# Exercise directions
Write out the line that holds "We have to multiply" together with every line that follows it to the end of the material below, exactly. Omit the pictures.

# The data
----

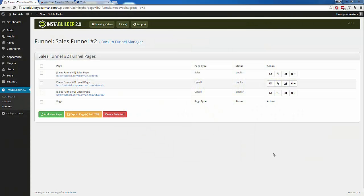During this video, I'm going to be showing you how to take the funnel that you have created inside of our funnels feature and get it linked up with your payment processor — your PayPal, your JVZoo, all that good stuff. I'm going to show you how to get this whole thing set up and linked together so that you can start promoting your business and accepting payments.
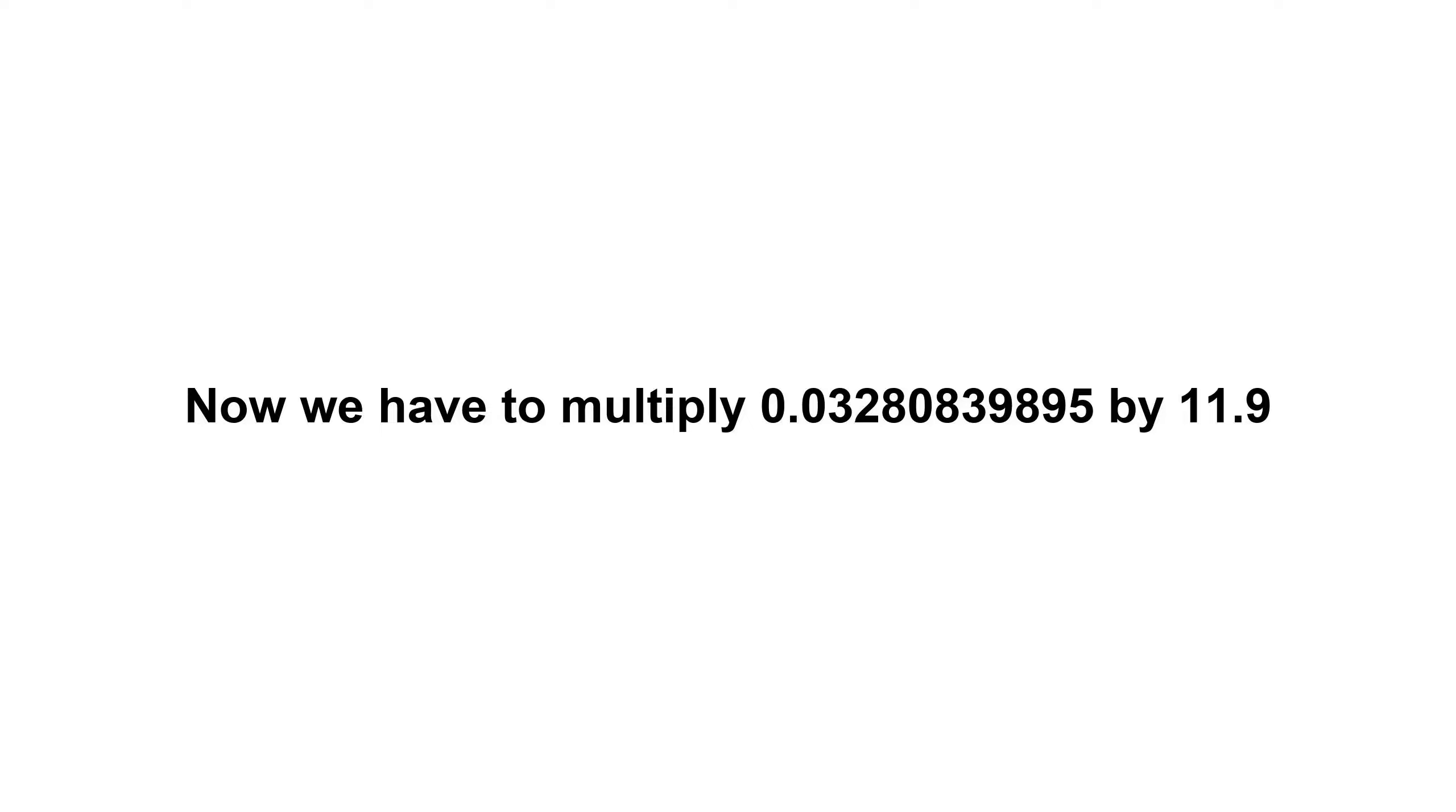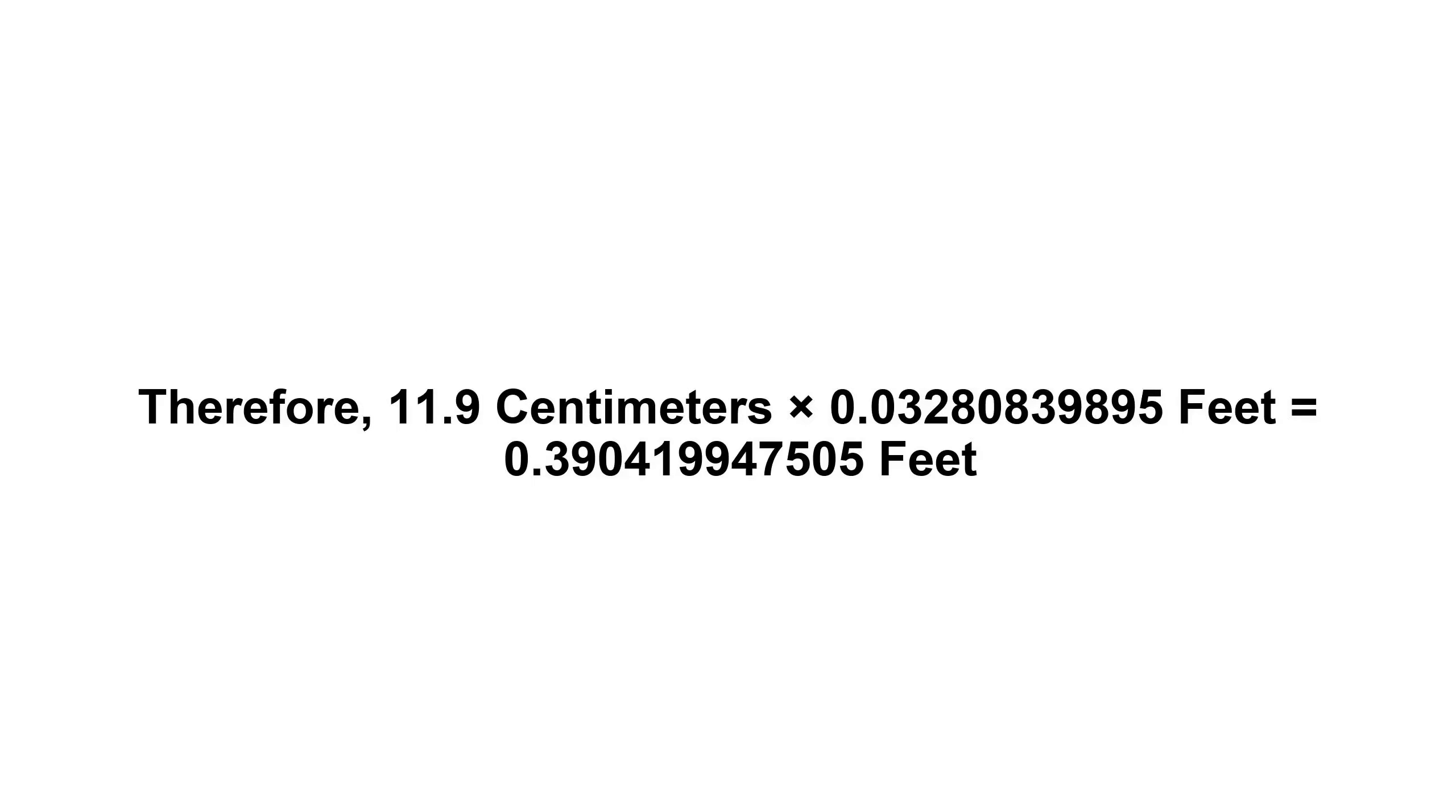We have to multiply 0.03280839895 by 11.9. Therefore, 11.9 centimeters times 0.03280839895 feet...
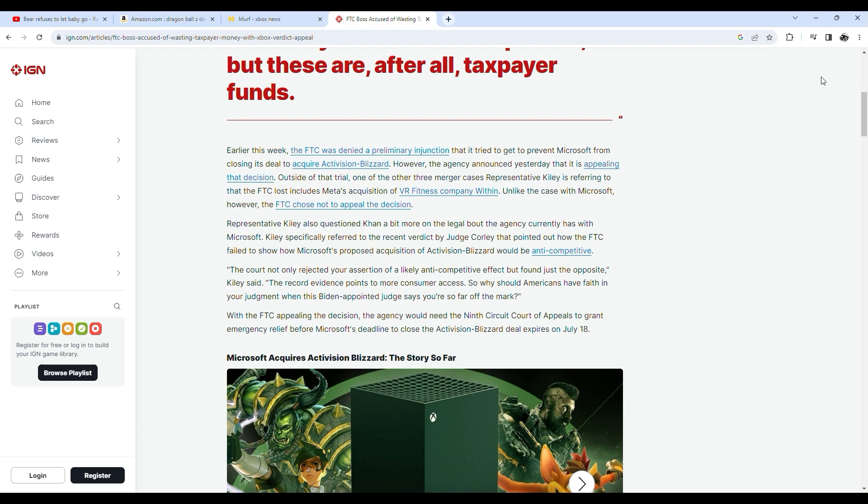Outside of that trial, one of the other three merger cases Representative Kiley is referring to that the FTC lost includes Meta's acquisition of VR fitness company Within. Unlike the case with Microsoft, however, the FTC chose not to appeal the decision.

----

# Solution to this exercise
We have to multiply 0.03280839895 by 11.9. Therefore, 11.9 centimeters times 0.03280839895 feet...
Outside of that trial, one of the other three merger cases Representative Kiley is referring to that the FTC lost includes Meta's acquisition of VR fitness company Within. Unlike the case with Microsoft, however, the FTC chose not to appeal the decision.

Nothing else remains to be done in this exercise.